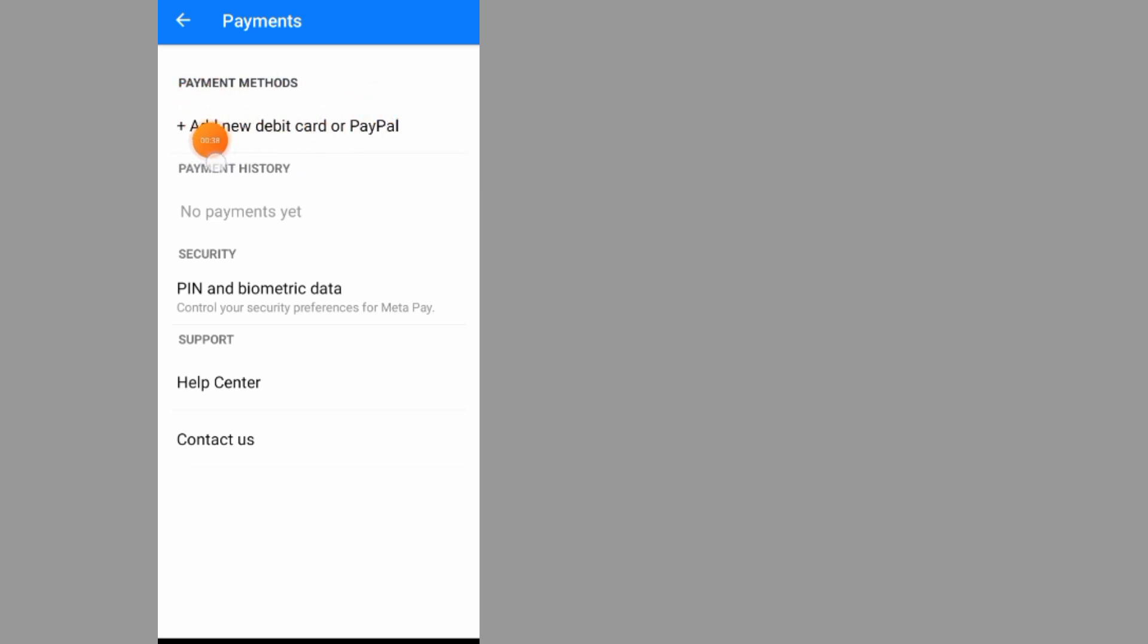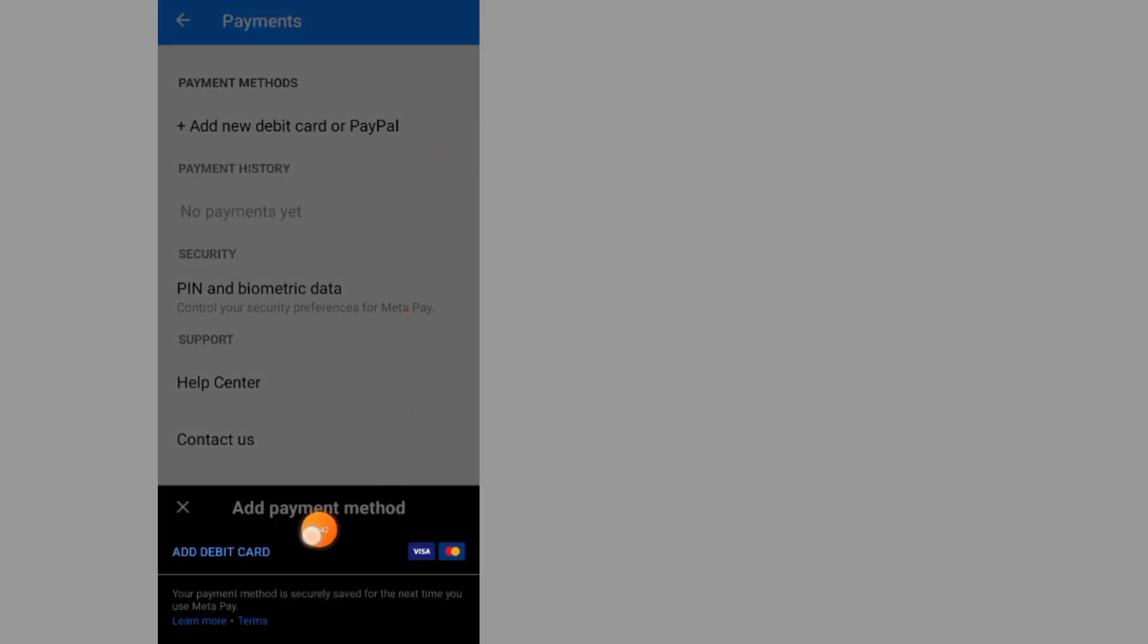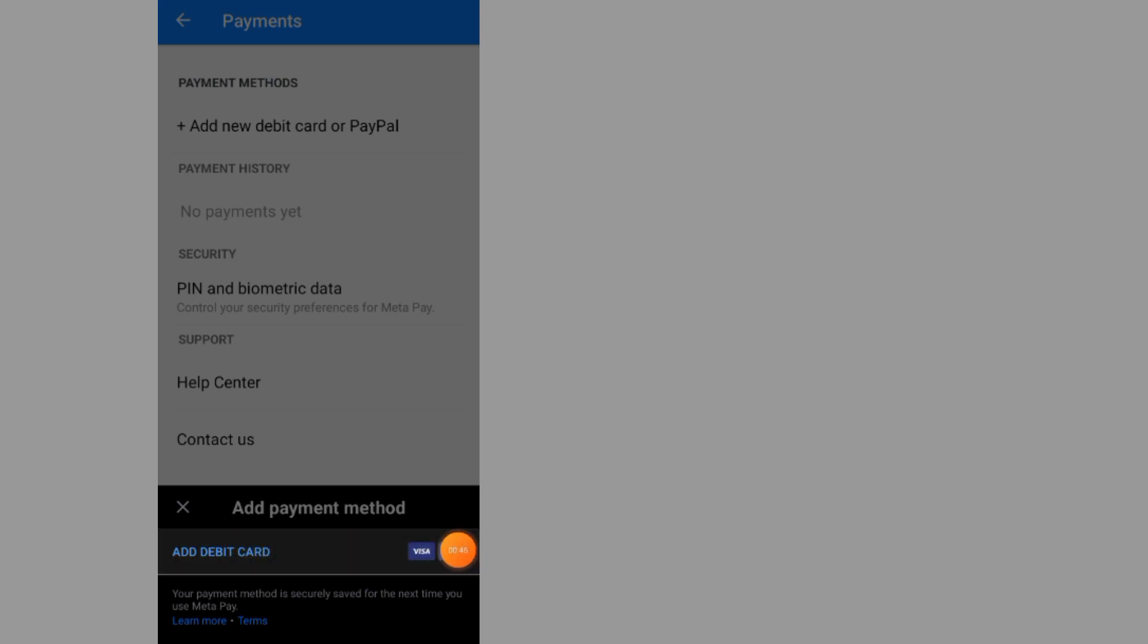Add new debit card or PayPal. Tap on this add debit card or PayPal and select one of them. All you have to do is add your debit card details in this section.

==

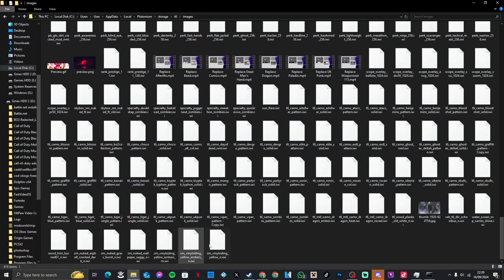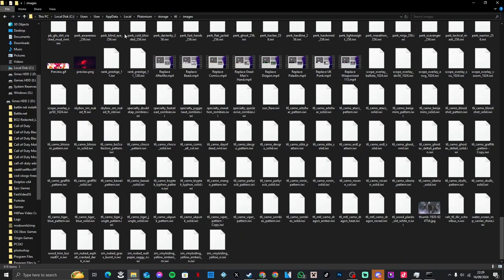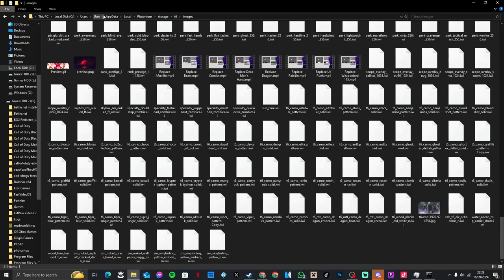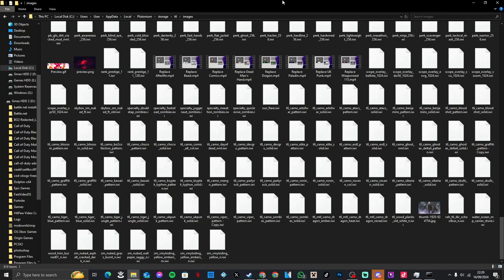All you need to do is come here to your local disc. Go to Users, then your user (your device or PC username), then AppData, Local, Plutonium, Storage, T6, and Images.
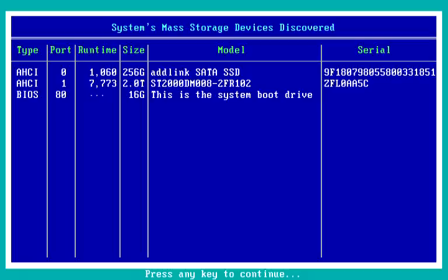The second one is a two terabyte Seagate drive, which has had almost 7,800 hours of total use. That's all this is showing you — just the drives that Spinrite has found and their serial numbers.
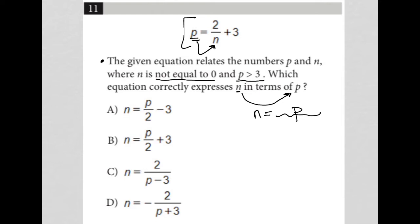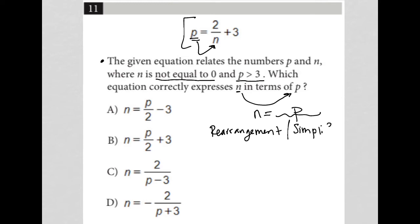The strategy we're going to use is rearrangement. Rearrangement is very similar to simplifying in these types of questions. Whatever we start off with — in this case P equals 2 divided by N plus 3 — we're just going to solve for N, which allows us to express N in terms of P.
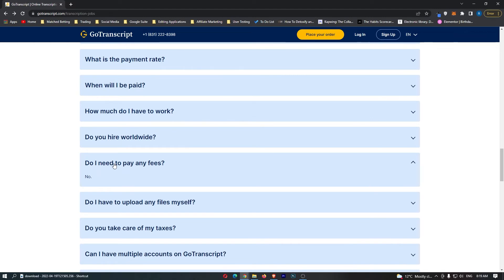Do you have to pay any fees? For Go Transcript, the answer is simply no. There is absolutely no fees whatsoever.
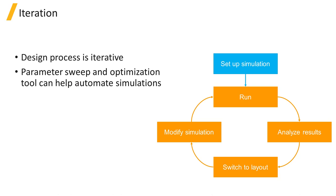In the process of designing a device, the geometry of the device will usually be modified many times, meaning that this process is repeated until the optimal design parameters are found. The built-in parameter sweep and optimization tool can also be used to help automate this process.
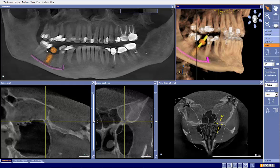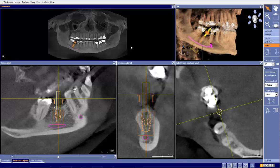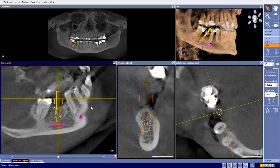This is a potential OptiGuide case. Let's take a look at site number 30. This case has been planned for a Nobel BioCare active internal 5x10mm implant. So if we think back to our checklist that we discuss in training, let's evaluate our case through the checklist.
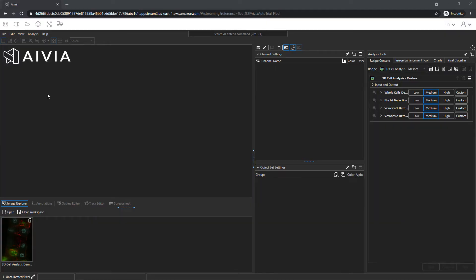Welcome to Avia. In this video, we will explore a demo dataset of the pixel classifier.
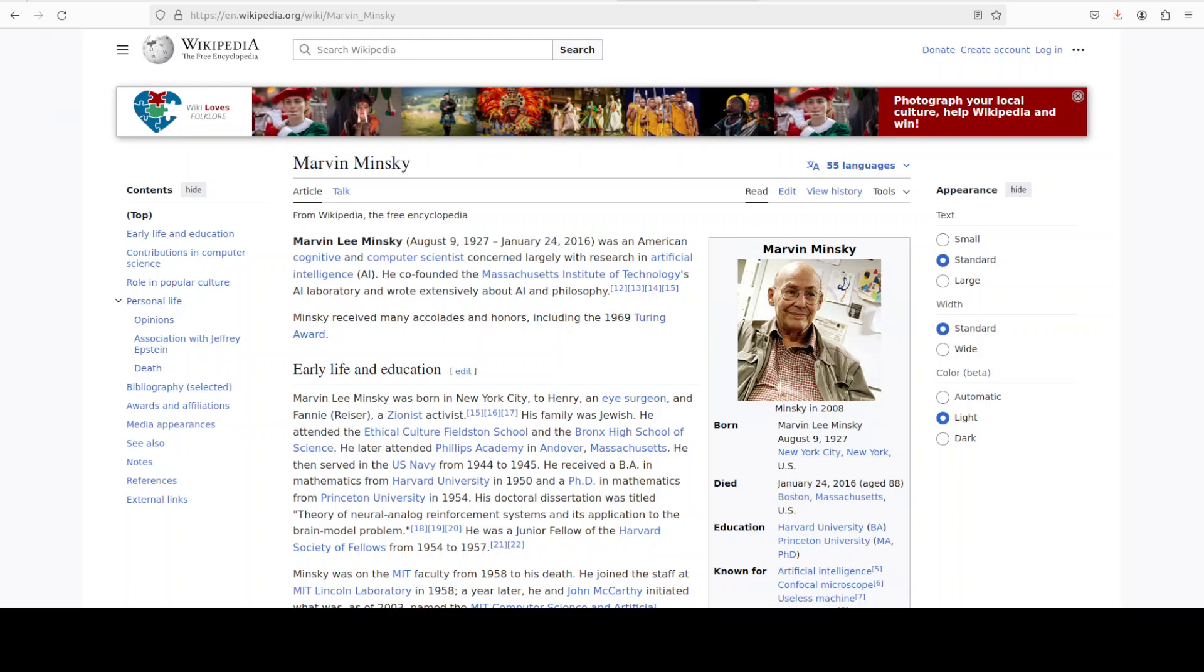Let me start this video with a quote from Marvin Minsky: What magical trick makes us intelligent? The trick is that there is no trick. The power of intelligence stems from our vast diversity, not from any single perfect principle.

---

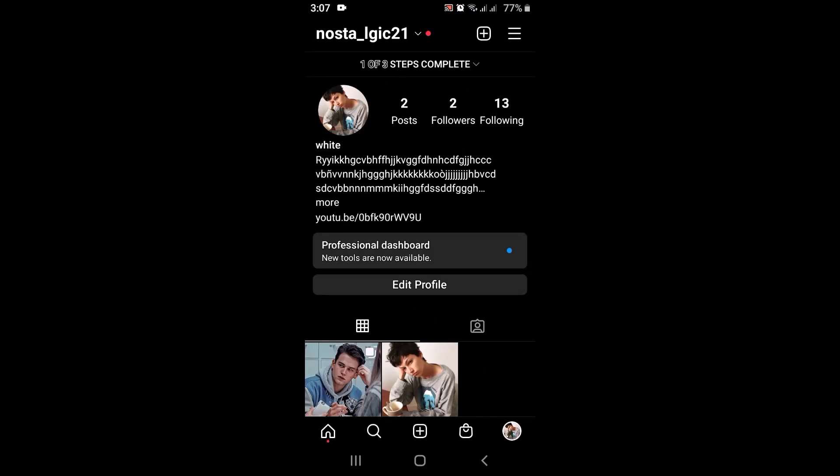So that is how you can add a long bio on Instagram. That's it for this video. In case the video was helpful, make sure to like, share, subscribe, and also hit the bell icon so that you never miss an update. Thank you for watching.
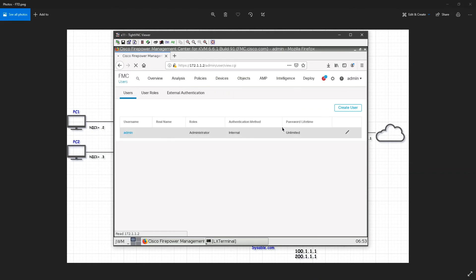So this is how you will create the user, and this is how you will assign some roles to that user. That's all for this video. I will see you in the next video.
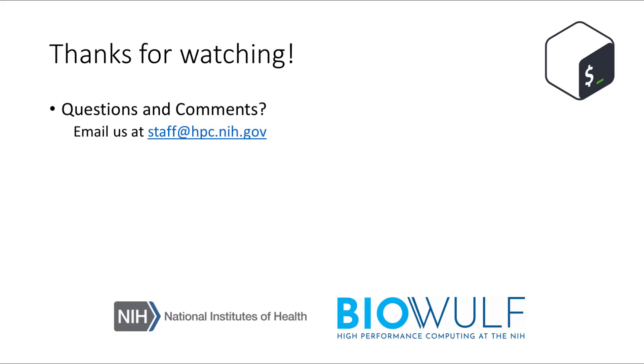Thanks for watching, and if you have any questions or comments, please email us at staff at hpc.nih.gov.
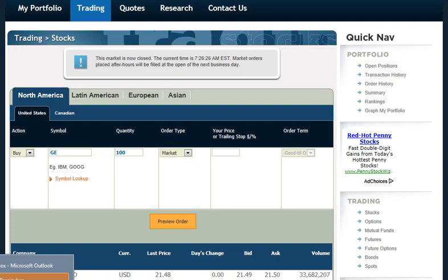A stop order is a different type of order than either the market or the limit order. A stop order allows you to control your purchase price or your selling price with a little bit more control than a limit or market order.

**Problem description**
Everything between and including the line above containing "All you need" and the line containing "Let me start" should be reproduced exactly, with pictures excluded.

**Task result**
All you need to do is come here to your local disc. Go to Users, then your user (your device or PC username), then AppData, Local, Plutonium, Storage, T6, and Images.
The second one is a two terabyte Seagate drive, which has had almost 7,800 hours of total use. That's all this is showing you — just the drives that Spinrite has found and their serial numbers.
The strategy we're going to use is rearrangement. Rearrangement is very similar to simplifying in these types of questions. Whatever we start off with — in this case P equals 2 divided by N plus 3 — we're just going to solve for N, which allows us to express N in terms of P.
Do you have to pay any fees? For Go Transcript, the answer is simply no. There is absolutely no fees whatsoever.
In the process of designing a device, the geometry of the device will usually be modified many times, meaning that this process is repeated until the optimal design parameters are found. The built-in parameter sweep and optimization tool can also be used to help automate this process.
This is a potential OptiGuide case. Let's take a look at site number 30. This case has been planned for a Nobel BioCare active internal 5x10mm implant. So if we think back to our checklist that we discuss in training, let's evaluate our case through the checklist.
Welcome to Avia. In this video, we will explore a demo dataset of the pixel classifier.
Let me start this video with a quote from Marvin Minsky: What magical trick makes us intelligent? The trick is that there is no trick. The power of intelligence stems from our vast diversity, not from any single perfect principle.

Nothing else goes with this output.